Wednesday 18 November 2009

The Queen speaks

I am not a fan of the political ventriloquism of how the Queen’s speech works.

It is a good thing to have some pomp, ceremony and history associated with the opening of Parliament. But a better approach would be for the Queen to be able to speak as Head of State about the value of Parliament and the democratic process, with her government’s substantive programme of legislation then set out by the Prime Minister and government ministers whose words these are.

The opening line today “my government’s overriding priority is to ensure sustained growth to deliver a fair and prosperous economy for families and businesses” – captures how the speech is inevitably caught awkwardly between jarring effects if it gets any closer to the language of a political manifesto ("my government will govern for the many not, the few") and being unable to say anything at all about why the measures are being introduced, so that the Queen must simply read out a staccato shopping list of legislation.

Still, it is very good to hear the Queen set out that her government will push on to “enshrine in law its commitment to abolish child poverty by 2020”.

That is a reminder too that the legislative ambitions set out in the Queen’s speech need to be combined with choices on priorities for spending and taxation in the pre-budget report and budget to show how to values of fairness can best combine continued commitments to tackle poverty and reduce inequality with the commitment to halve the current budget deficit across the next Parliament.

The personal care Bill is probably the most important long-term policy measure in today's speech.

“My government will work towards creating the conditions for a world without nuclear weapons” refers to the Washington disarmament talks next Spring.
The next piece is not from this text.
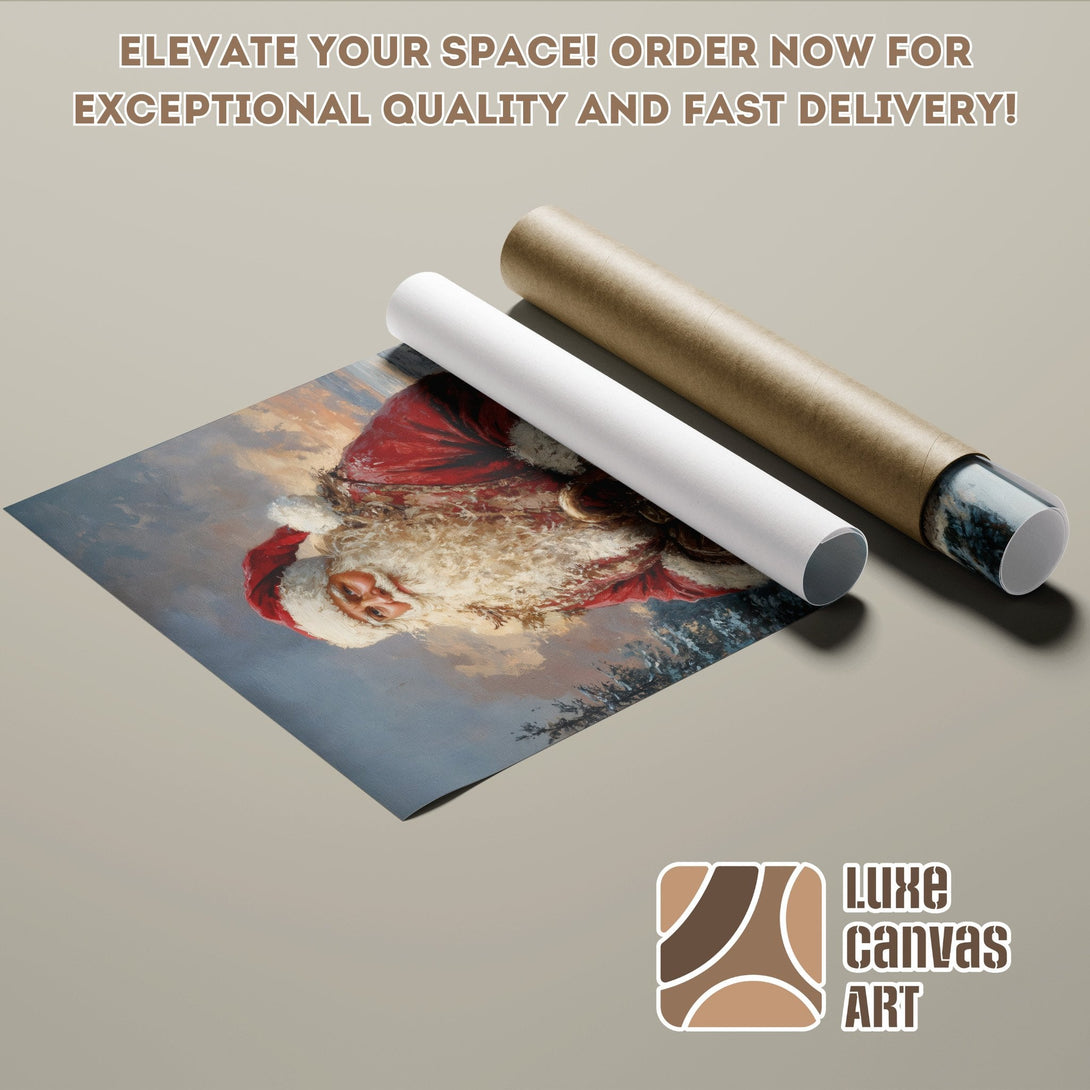 Santa Claus Poster Roll, art print in a warm color palette. Perfect Christmas decor!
I suspect that may be bolder language than the Queen has been asked to use previously on aspirations to multilateral nuclear disarmament, and may perhaps offer a further hint there of the willingness to put Trident renewal on the negotiating table

On constitutional reform, even if there were barriers to an electoral reform referendum, it is a missed opportunity not to legislate for a later referendum to put the issue to the electorate, perhaps in 2011.

Brown's challenge over the Tories stubborn refusal to ditch their inheritance tax cuts was effective:


This must be the only tax change in history when the people proposing it – the opposition leader and the shadow chancellor – will know by name almost all of the potential beneficiaries.


John Rentoul quotes an unnamed shadow cabinet minister as saying of Oliver Letwin and David Cameron's John Rawls like commitment that the "The right test for our policies is how they help the most disadvantaged in society, not the rich" that it may be the test, "but that doesn't mean we have to pass it".

One strange thing about David Cameron's response was, while challenging the government over the symbolism and politics of some of the proposed Bills, he also argued for more of them.


Cameron said that what was most striking about the Queen's speech was the legislation that was missing.

"Where is the immigration bill?" he asked and where was legislation to fulfill government commitments on directly elected police representatives.

He added: "The NHS – not a mention. Not government's priority?


Perhaps demonstrating why no modern government is ever likely to kick the habit of showing what it cares about by legislating about it.

2 comments:

13eastie said...

Re. child poverty: Labour has been in power for twelve years and has failed to achieve even its own goals on this. After ten years of Labour, UNICEF placed the UK bottom among 21 industrial countries for child well-being. The record is pitiful. For Brown to suggest that what is now needed is a law to make his own policy happen twelve years on is utterly risible.

Re. electoral reform: the Prime Minister has arguably been well advised that he ought first to test-drive the current electoral system before he starts making a load of badly-thought-out, hasty legislation binding his successor to tampering with it.

Robert said...

The new idea now is not to remove child poverty by getting people back to work or better benefits, Labours new idea is to employ people to give advice on how to get out of poverty by using the money you have better.

So it's just another new labour idealistic twaddle. what we need is labour to leave power now.